Principle:Duckdb Duckdb Brotli Compression
| Knowledge Sources | |
|---|---|
| Domains | Compression, Data_Format |
| Last Updated | 2026-02-07 12:00 GMT |
Overview
A general-purpose lossless compression algorithm that combines LZ77, Huffman coding, and second-order context modeling to achieve high compression ratios.
Description
Brotli is a compression algorithm developed by Google that achieves higher compression ratios than gzip while maintaining comparable decompression speeds. It uses a combination of a modern variant of the LZ77 algorithm, Huffman coding, and second-order context modeling. Brotli includes a pre-defined dictionary of common words and phrases from web content, which contributes to its superior compression of HTML, CSS, JavaScript, and other web formats.
The algorithm operates in three main stages:
- LZ77 backward reference search — finds repeated byte sequences and encodes them as distance/length pairs
- Context modeling — uses the context of previously seen bytes to improve entropy coding
- Entropy coding — uses Huffman codes (and optionally static prefix codes) to encode the compressed data
Usage
Use Brotli compression when handling HTTP content encoding in DuckDB's httpfs extension, or when reading data from sources that use Brotli compression. It provides better compression ratios than gzip/zlib for web-oriented content.
Theoretical Basis
The core of Brotli combines three compression techniques:
LZ77 Sliding Window: Finds matches in a sliding window of up to 16 MiB:
// Pseudo-code
for each position in input:
find longest match in window (up to 16 MiB back)

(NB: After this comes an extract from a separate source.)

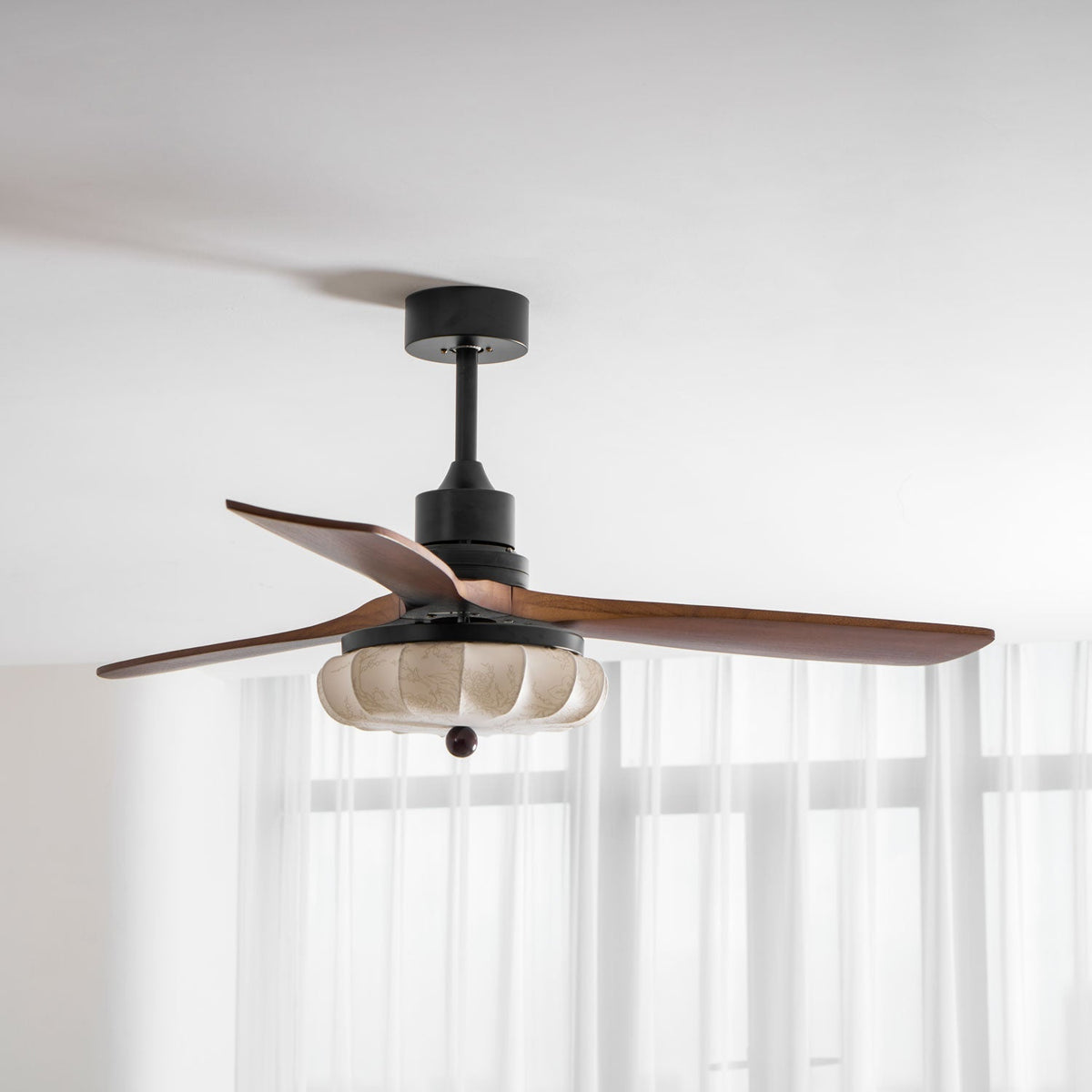 Lampa z wentylatorem sufitowym Sovoma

if match found: emit (distance, length) pair
else: emit literal byte
Huffman Coding: Encodes symbols using variable-length prefix codes based on frequency:
// More frequent symbols get shorter codes
frequency_table = count_symbols(data)
huffman_tree = build_tree(frequency_table)
encoded = encode_with_tree(data, huffman_tree)
Context Modeling: Uses previous bytes to select among multiple Huffman trees:
context = compute_context(prev_bytes)
tree = select_huffman_tree(context)
symbol = decode_with_tree(tree, bitstream)